## [Data extract]
----------------------------------------

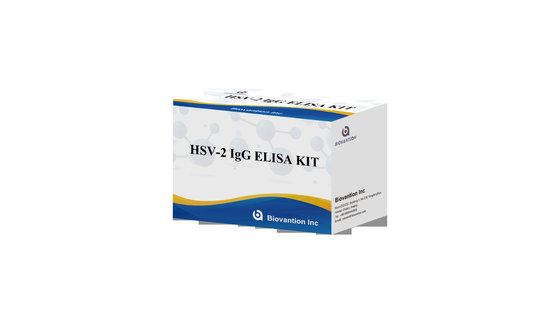 Instruzioni di utilizzo di alta precisione per il kit di prova ELISA con torcia IgG HSV II
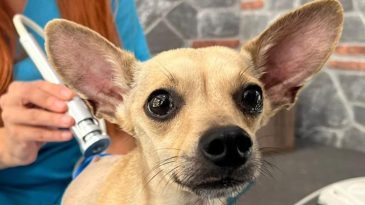 Ayrılan Nişanlı &Ccedil;ift, Tedavi G&ouml;ren K&ouml;pekleri 'Lucky'yi Terk Etti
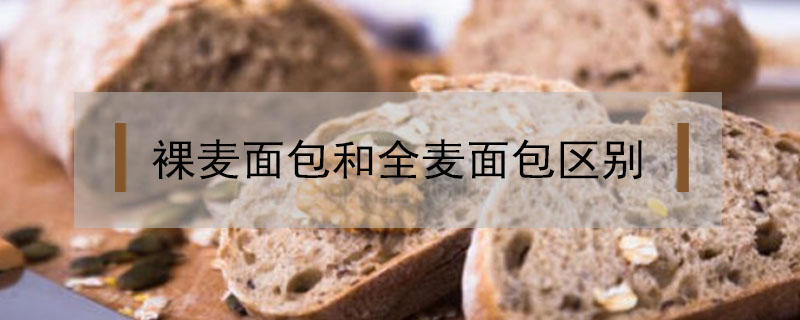 裸麦面包和全麦面包区别(全麦和裸麦面包的区别)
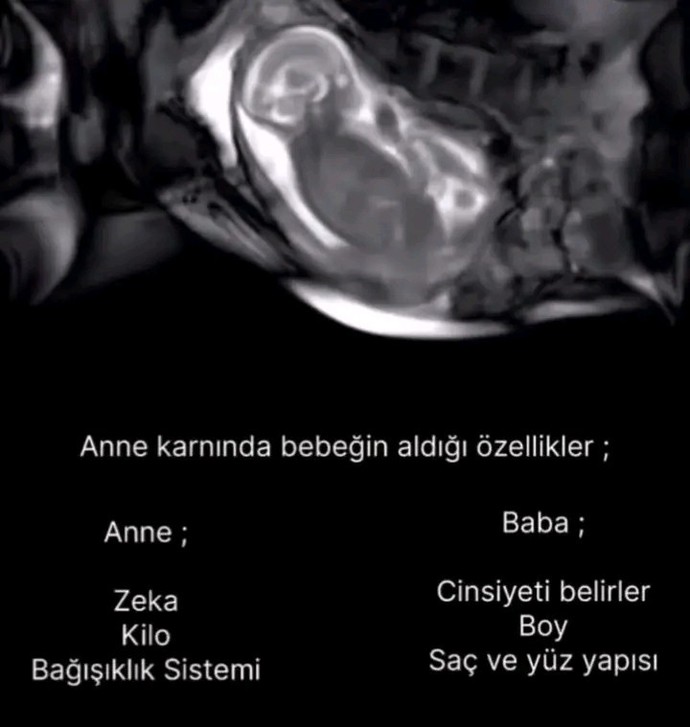 Anneden babadan ne özellik aldın?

----------------------------------------

All that is needed is the lines from the line holding "Ayrılan Nişanlı &Ccedil;ift, Tedavi" to the final line of the listing above, repeated exactly, pictures excluded.

 Ayrılan Nişanlı &Ccedil;ift, Tedavi G&ouml;ren K&ouml;pekleri 'Lucky'yi Terk Etti
 裸麦面包和全麦面包区别(全麦和裸麦面包的区别)
 Anneden babadan ne özellik aldın?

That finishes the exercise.